* **INFORMATION GIVEN**:
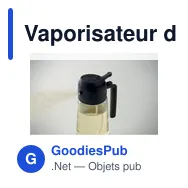 Vaporisateur d'huile en verre personnalisable avec logo - DIP - Miniature 10
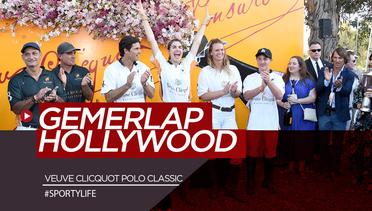 Gemerlap Hollywood di Event Olahraga Veuve Clicquot Polo Classic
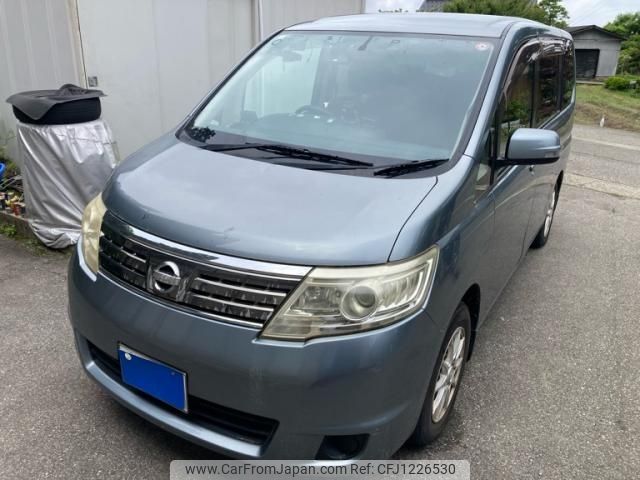 nissan serena 2009 -NISSAN--Serena DBA-C25--C25-327304---NISSAN--Serena DBA-C25--C25-327304- image 1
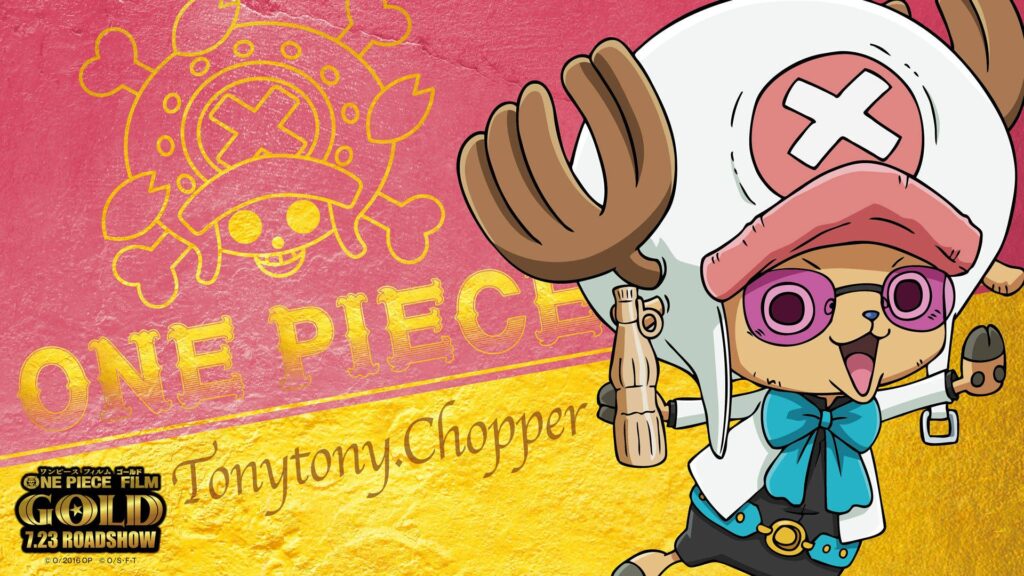 fonds d'écran tony tony chopper desktop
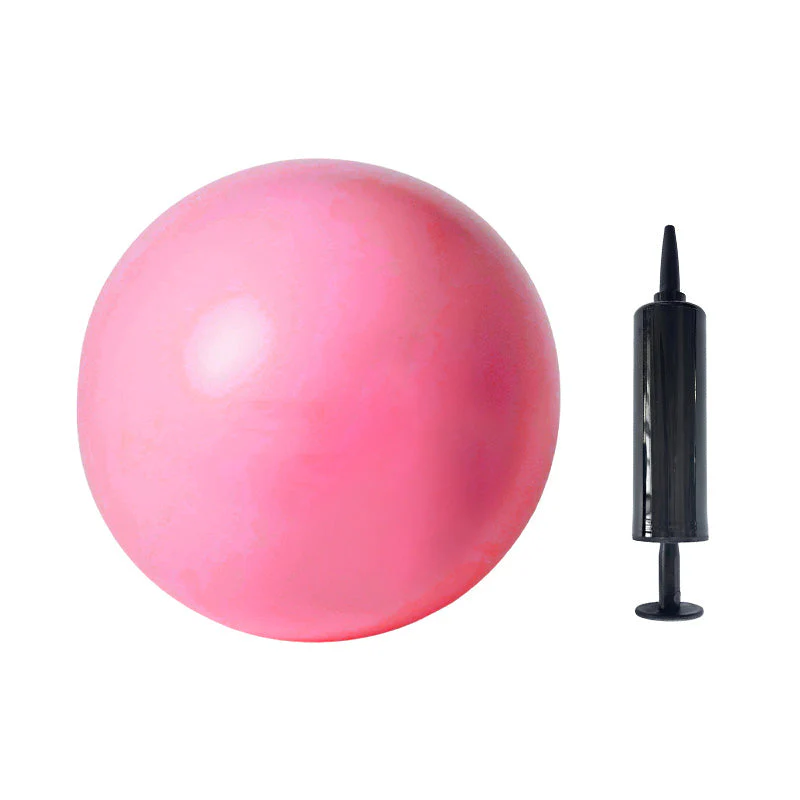 📢📢70 % de réduction !!!🧘♀️Ballon Pilates anti-éclatement de 9 pouces avec pompe - Image 14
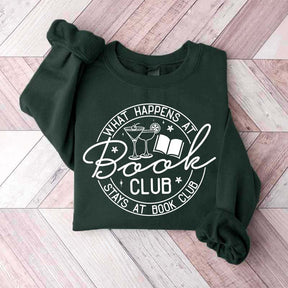 Funny Reading Club Or Book Lover Sweatshirt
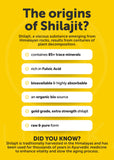 Lunakai Shilajit Supplement packaging details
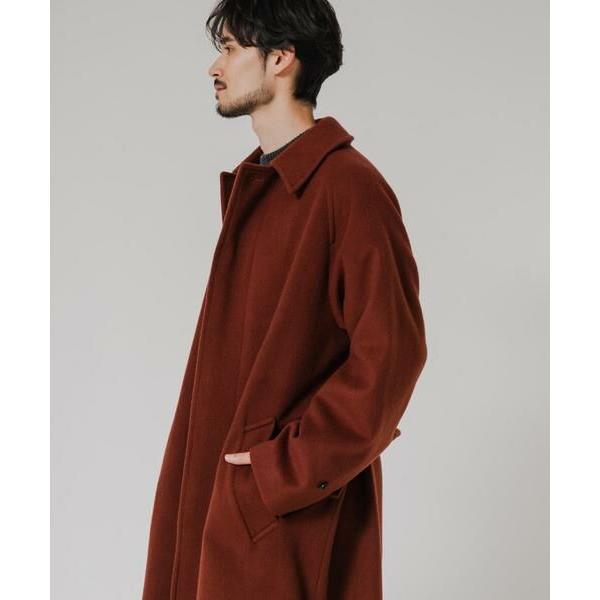 URBAN RESEARCH（アーバンリサーチ） WOOL BEAVER BELTED COAT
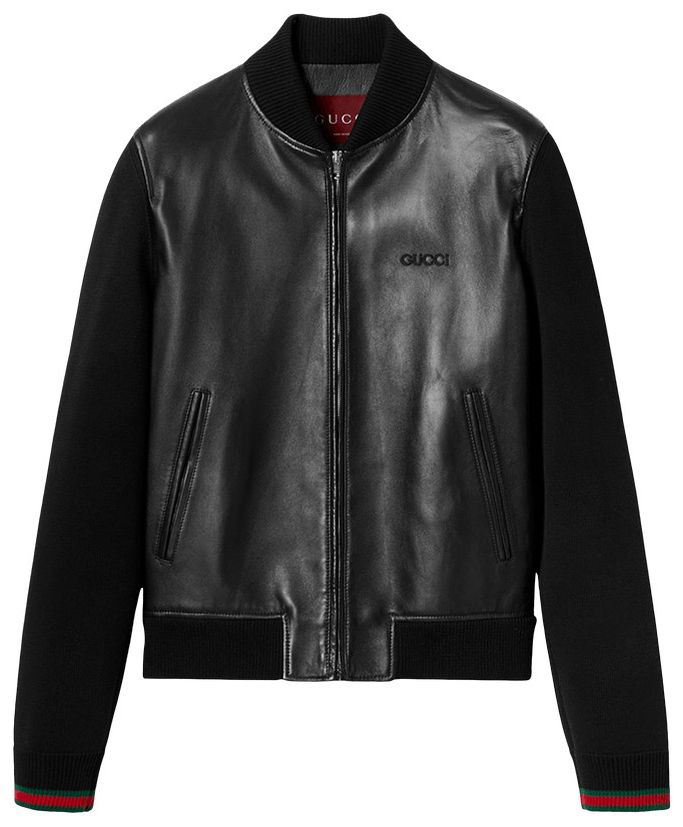 Gucci Bomber Jacket Black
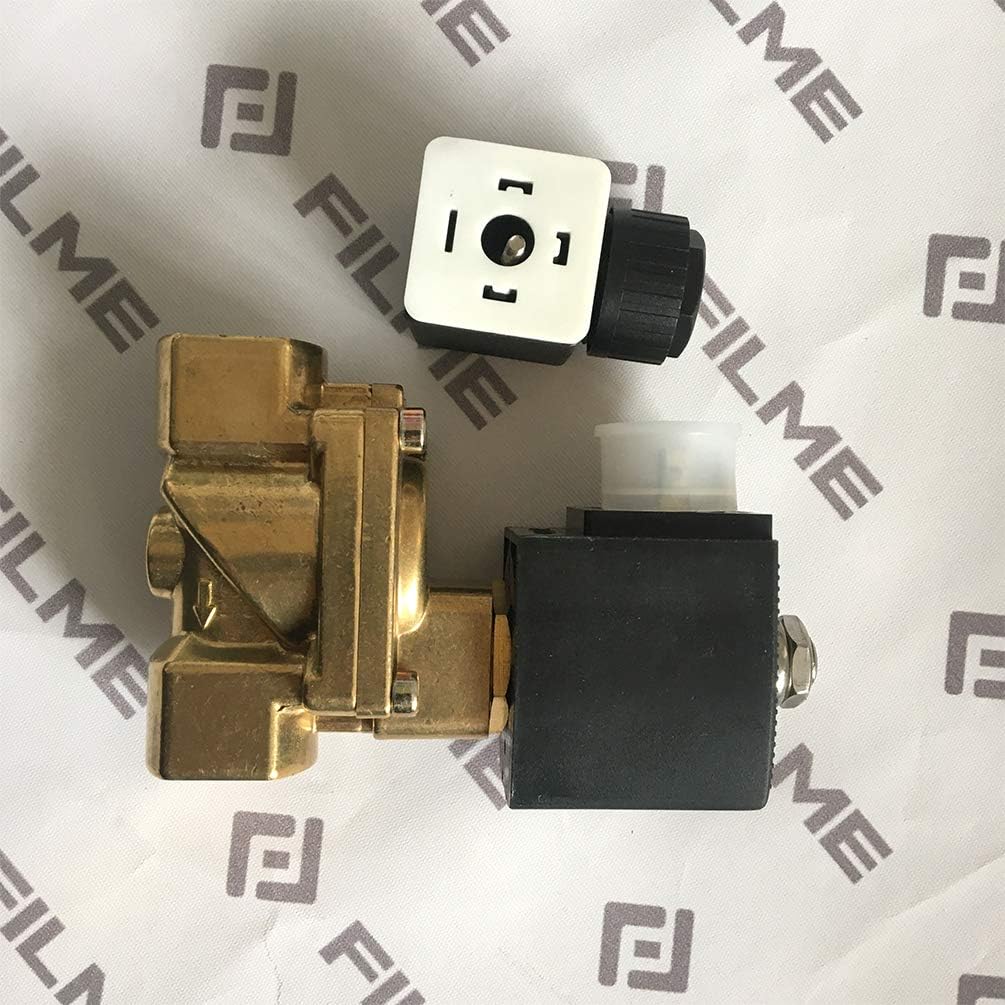 22124085 Solenoid Valve for Screw Air Compressor Replacement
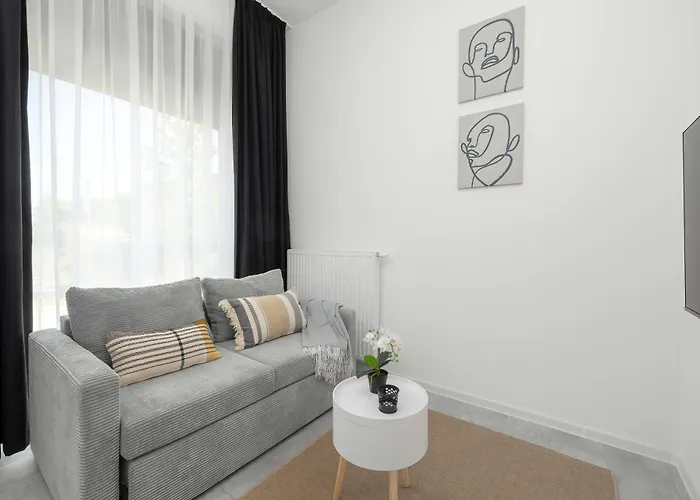 شقة Comfortable With Parking In By Renters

* **EXERCISE DETAILS**: From the line that holds "Funny Reading Club Or Book Lover Sweatshirt" to the last line of the data, return those lines exactly and nothing else; both ends count, and pictures stay out.

* **OUTPUT FOR THIS EXERCISE**:
 Funny Reading Club Or Book Lover Sweatshirt
 Lunakai Shilajit Supplement packaging details
 URBAN RESEARCH（アーバンリサーチ） WOOL BEAVER BELTED COAT
 Gucci Bomber Jacket Black
 22124085 Solenoid Valve for Screw Air Compressor Replacement
 شقة Comfortable With Parking In By Renters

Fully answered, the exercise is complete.